What does success mean to you? ~ My idea of success has definitely changed as I've gotten older. If you asked me this question 10 - 15 years ago, I might've said that recognition & praise equalled success. Flashing forward to the present, that stuff seems way less important. Success to me now is something much more personal. It's about me being happy with the hard work I'm doing. If I am able to work hard on a project, see it through until the very end, and eventually come out the other side of it all with a finished product I am happy with, then that, to me, is success. Anything beyond that is really just icing on the cake.
Where can people follow you and your podcast? ~ Creative Spectator can be downloaded/streamed/subscribed to/followed on iTunes, Spotify and Libsyn. As for me, I can be found on Twitter and Instagram (@benjimengel). I have yet to jump on the Vero band wagon, but I hear good things, so who knows – I may also be on there by the time this goes up.
Can you share some advice to others who are thinking of putting their creative pursuit into motion? ~ When I was growing up, there was a saying my Dad used to repeat over and over ad nauseam. That saying was: "He who hesitates is lost." At the time I was like, "Okay, whatevvvver Daaad." Of course, as I've gotten older, I've come to realise just how true and important that saying actually is.

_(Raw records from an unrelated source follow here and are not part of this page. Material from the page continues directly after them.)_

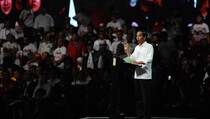 Tiga Program Terbaru Jokowi-Ma'ruf, KIP Sampai Kuliah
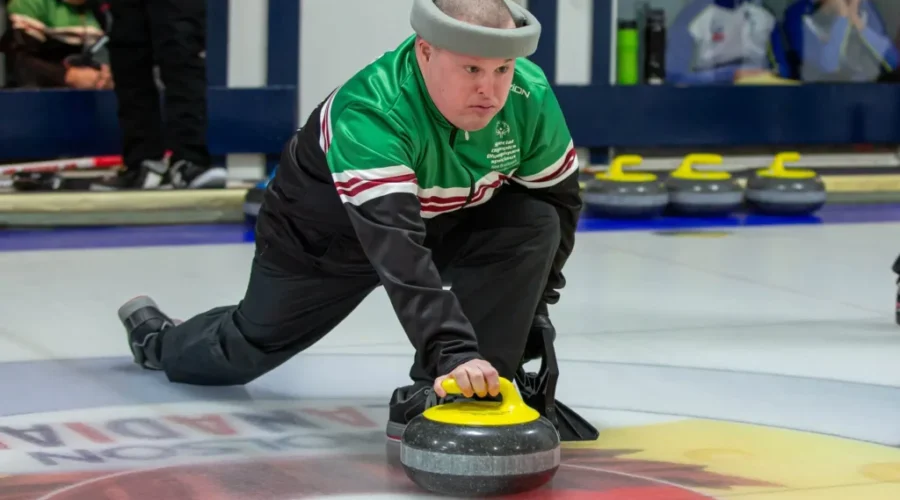 Moncton Athletes Rock The Rings At Special Olympics Canada Winter Games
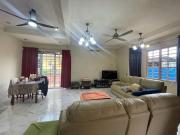 4255sf 15 Storey Bungalow House Taman Sapphire Kota...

Sitting around and thinking things like, "Should I do this?" "Should I wait?" "Am I ready?" will only lead to more time wasting. If you are passionate about something but don't feel ready or don't feel like the time is right or are severely lacking in confidence or any other number of excuses, then I'm sorry, but it is absolutely in your best interest to ignore these things and just get off your butt and do it anyway. Life is far too short to just wait around for the right moment to strike.
I can promise you that no one, not even your creative heroes, were ever 100 % ready to take the leap when they did. The timing is never exactly right for anyone. Waiting for the so-called 'right moment' will only lead to missed opportunities. Do not overthink anything you're wanting to do - just do it! Get going! Yes, you will probably suck at whatever it is you're trying to do to begin with. And there WILL be failures. Oh boy, will there be failures. But guess what? EVERYONE fails at first. And failing is a necessary part of the process. Nobody ever grows as a person and/or artist without failing at least a few times. Once you can accept this and are willing to push through these low points and keep moving forward, then you will be well and truly on your way. After that, there will be no stopping you!